2/16/14 - 3/3/14 (3 weeks):

  • Incorporate bunyan or a similar library into production-level logging and performance monitoring

3/4/14 - 4/10/14 (1 week):

  • Thoroughly test and wrap up previous contributions
  • Update Parsoid documentation

About Me[edit]

I am a current student at Hacker School. I have a degree in electrical engineering from Yale University (2003), as well as an MBA from McGill University (2008). Previously, I spent five years working as a financial analyst and another three years as a Japanese-to-English translator. Being a financial analyst taught me how to present information in a meaningful way and being a translator taught me attention to detail. I returned to engineering because I love making things.

This April, I quit my job to attend Dev Bootcamp, where I learned Ruby, Javascript, jQuery, Rails, and Sinatra. At Hacker School, I'm continuing to build web applications in Sinatra and Node while exploring topics such as data abstraction, algorithms, functional programming, and concurrency with fellow batchmates.

Participation[edit]

I plan to be on the #mediawiki-parsoid channel during my working hours, which will be between 8 AM - 4 PM PST. I will primarily be asking for help on #mediawiki-parsoid, but will also email my mentors or the wikitech-l list if I need additional help or no one is present on IRC. Every week, I'll touch base with my mentors via email to set goals and update them on my progress. I also plan to write a weekly blog post to update the community on my progress.

Availability[edit]

(From OPW Application): Will you have any other time commitments, such as school work, another job, planned vacation, etc., between December 10, 2013 and March 10, 2014?

Aside from federal holidays (Christmas, New Year’s, etc.), I have no other significant commitments.

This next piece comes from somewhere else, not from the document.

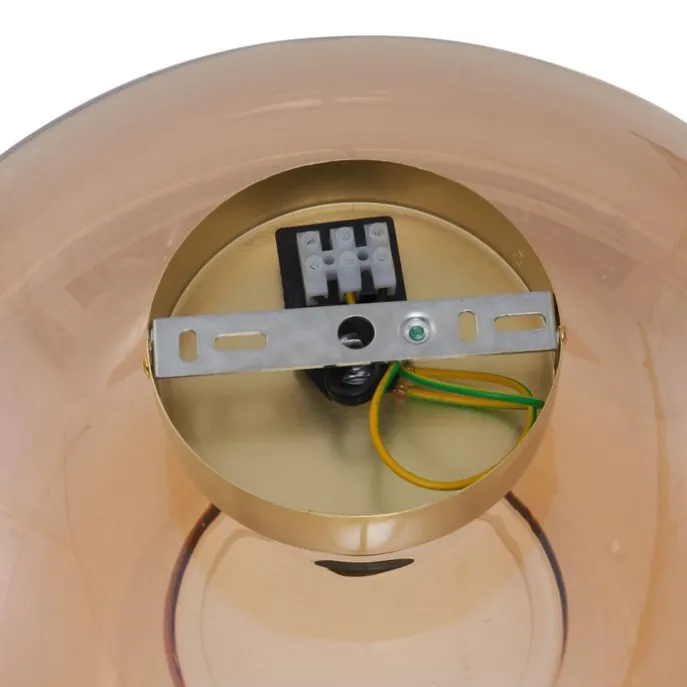 Art-Deco-Deckenleuchte Messing mit Bernsteinglas 40cm - Busa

Past Open Source Experience[edit]

My microtask for Parsoid has just been merged in. This patch improves the setting of tracing flags during testing. For example, selser (the “selective serializer”) is an additional enhancement to Parsoid’s existing html-to-wikitext serializer. When the “selser” flag is enabled during testing, the “html2wt” flag should automatically be enabled. Previously, developers were required to use both flags during testing, but my patch makes it possible to just use the “selser” flag.

I'm otherwise new to the open source community, although nearly all the code I've ever written is available on my Github profile. I believe in MediaWiki's mission of making accessible the sum of all human knowledge, and I think that Parsoid will be a vital tool for enabling more individuals to contribute to WikiMedia.